Dr Victoria King, research manager at the charity Diabetes UK, said: “We have seen previous research linking tea and coffee to type 2 diabetes prevention and this study combines the results of several studies. Green tea contains catechins and many other nutritional products that regularize the blood sugar levels considerably. Many physicians, including myself, consider impaired glucose tolerance a form of pre-diabetes that may become diabetes. Triglycerides decreased 34 and 25% in groups consuming 1 and 2 g of bay leaves, respectively. Added sugar should contribute to no more than 10 per cent of dietary energy, said Ms Chia. This translates to approximately 40g to 55g or 8 to 11 tsp of sugar daily. This limit includes sugar added to beverages as well as food such as cakes and candies.
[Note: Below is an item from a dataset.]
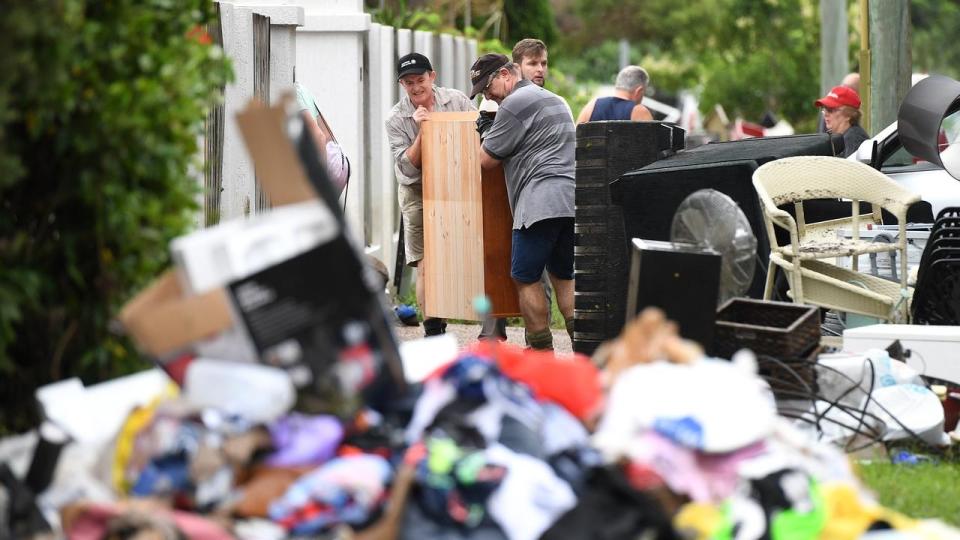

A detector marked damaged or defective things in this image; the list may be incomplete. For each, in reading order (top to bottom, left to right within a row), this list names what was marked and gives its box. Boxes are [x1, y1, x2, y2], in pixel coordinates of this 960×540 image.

flood-damaged furniture [752, 156, 920, 324]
For example, if you need 1,800kcal per day, you should limit your sugar intake to 45g per day. Research has shown that drinking sugary drinks is linked to type 2 diabetes, and the American Diabetes Association recommends that people limit their intake of sugar-sweetened beverages to help prevent diabetes, said Ms Chia. Taken together, these results show that catechins lower risk for lifestyle-related diseases such as obesity and type 2 diabetes – while also reducing the side effects of diabetes, including high BP. A further reduction to below 5 per cent or roughly 25g (6 tsp) per day would provide additional health benefits, said Ms Chia. As a guide, there is 25g of sugar in less than one can drink. People with diabetes should also look at their total carbohydrate intake rather than only at the sugar content of the food they eat. They should aim for about 50 per cent of their energy intake from carbohydrates and spread it out through the day, said Ms Chia.
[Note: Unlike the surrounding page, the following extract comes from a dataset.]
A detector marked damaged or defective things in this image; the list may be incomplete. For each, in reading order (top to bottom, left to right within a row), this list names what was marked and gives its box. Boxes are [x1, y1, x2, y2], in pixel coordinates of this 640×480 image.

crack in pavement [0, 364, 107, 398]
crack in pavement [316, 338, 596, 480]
One way of doing this is to have small frequent meals, she added. With diabetes, it is encouraged that people limit added sugars as much as possible and get their carbohydrates from fruits, vegetables, whole grains and low fat dairy, said Ms Chia. The recommended number of servings is based on your weight, activity level, diabetes medicines and goals for your blood glucose levels. Your dietitian or diabetes educator can work with you to make a personalised plan. A general guideline is to have 45g to 60g of carbohydrates at each meal, and 15g to 20g of carbohydrates for each snack, said Ms Chia. On an average, two slices of bread has 30g of carbohydrates, one cup of rice has 45g of carbohydrates and one small apple or a serve of fruit has 15g to 20g of carbohydrates, she added.